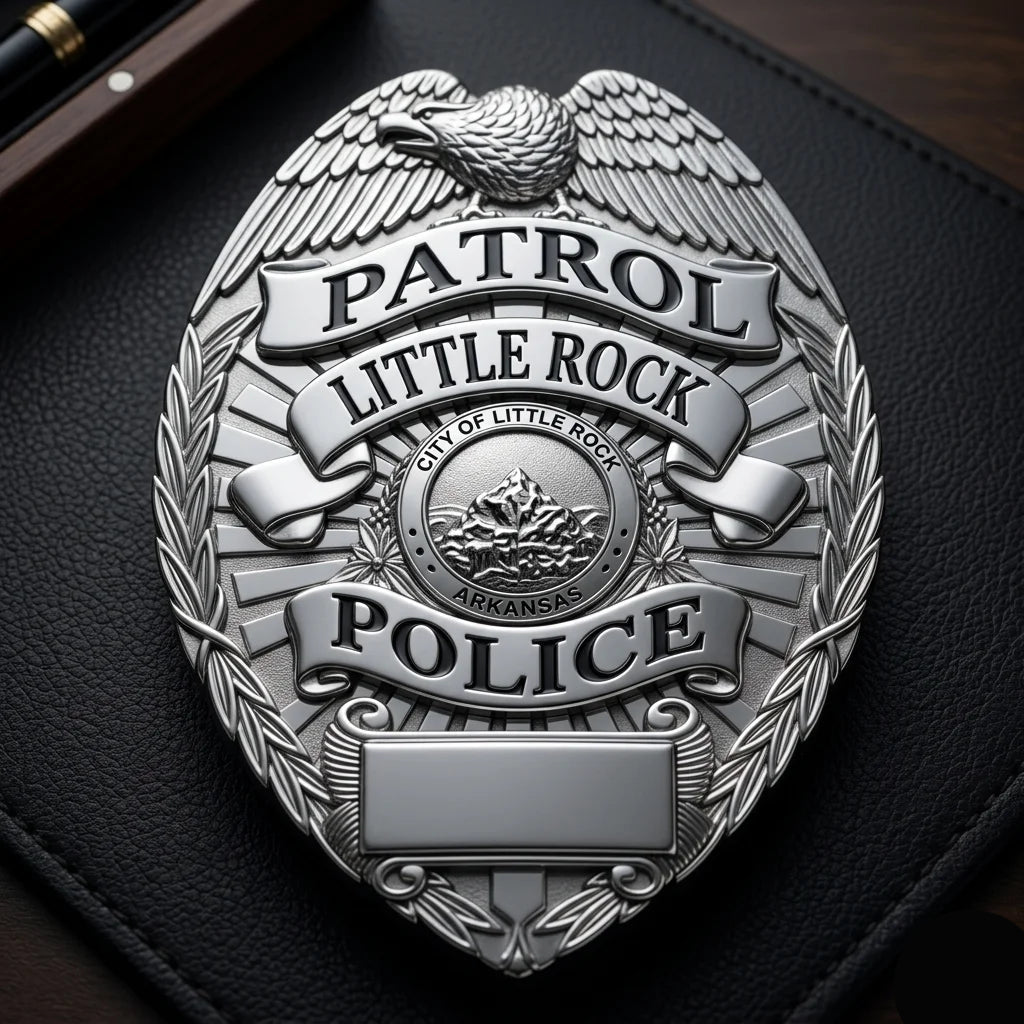 City of Little Rock Police Badge SVG for CNC

Little Rock AR Police Patrol Badge Vector for Laser Engraving

Little Rock Arkansas Police Emblem for Wood Carving

Professional Little Rock Law Enforcement Badge Design

Little Rock Police SVG Logo for CNC Router Projects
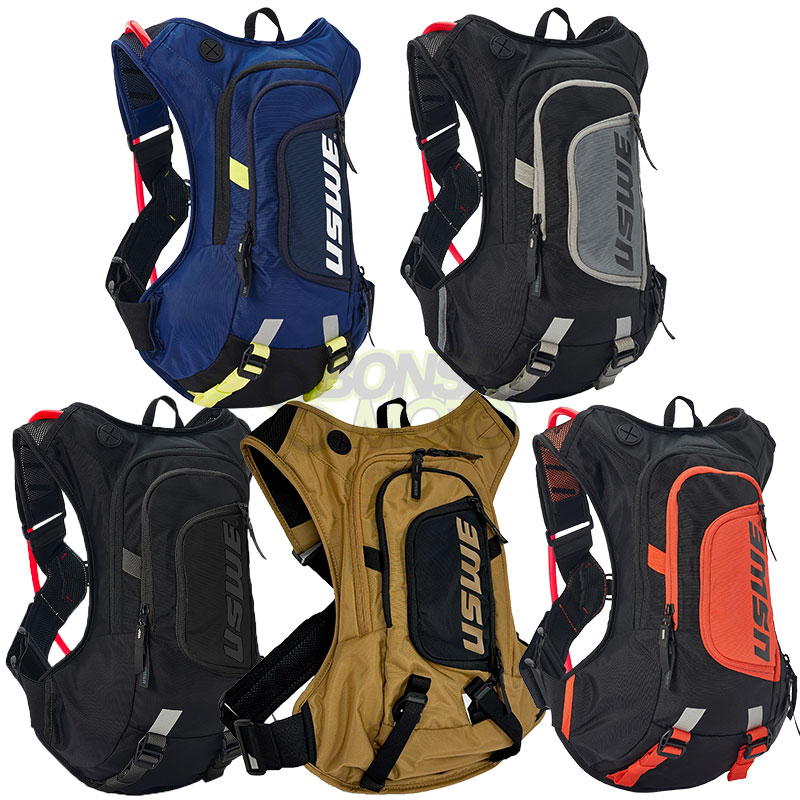 ロウ12 ハイエンドモデル 3Lハイドレーションパック付属 USWE（ユース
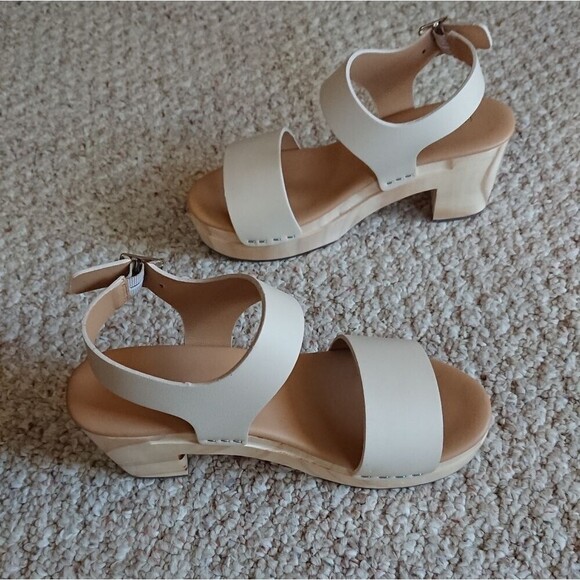 Nisolo All-Day Open Toe Clog size 6.5 - Picture 5 of 12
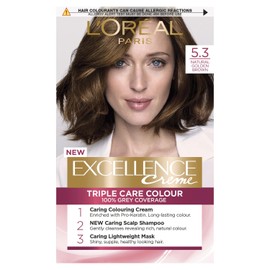 L'Oréal Paris Excellence Creme Hair Colour Natural Golden Brown
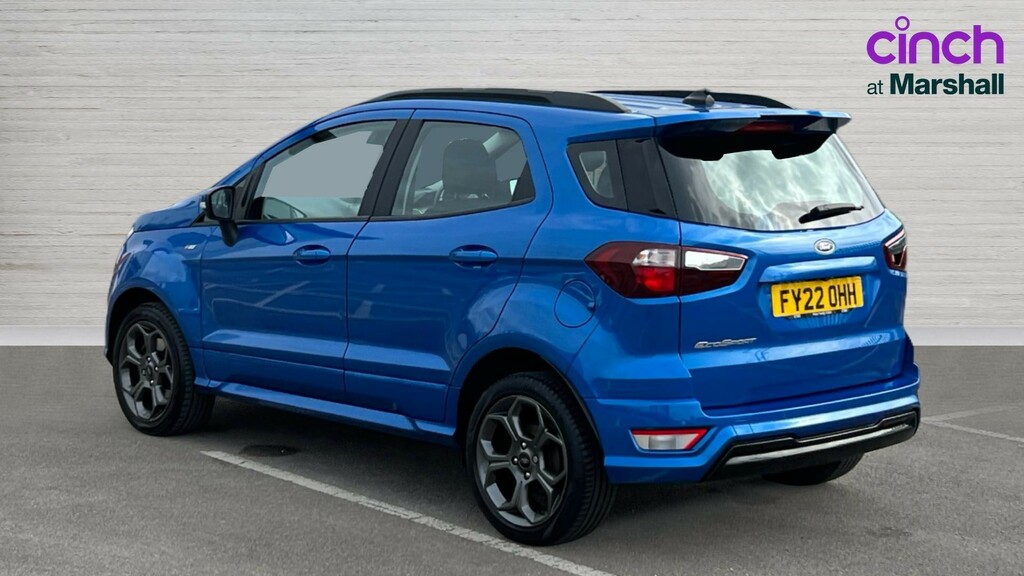 Ford Ecosport Ecosport 1.0 Ecoboost 140 St-line FY22OHH Blue #5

What the exercise asks :: Please output, exactly and with no pictures, only the lines from the one containing "Professional Little Rock" through the final line of the records above.

Exercise solution ::
Professional Little Rock Law Enforcement Badge Design

Little Rock Police SVG Logo for CNC Router Projects
 ロウ12 ハイエンドモデル 3Lハイドレーションパック付属 USWE（ユース
 Nisolo All-Day Open Toe Clog size 6.5 - Picture 5 of 12
 L'Oréal Paris Excellence Creme Hair Colour Natural Golden Brown
 Ford Ecosport Ecosport 1.0 Ecoboost 140 St-line FY22OHH Blue #5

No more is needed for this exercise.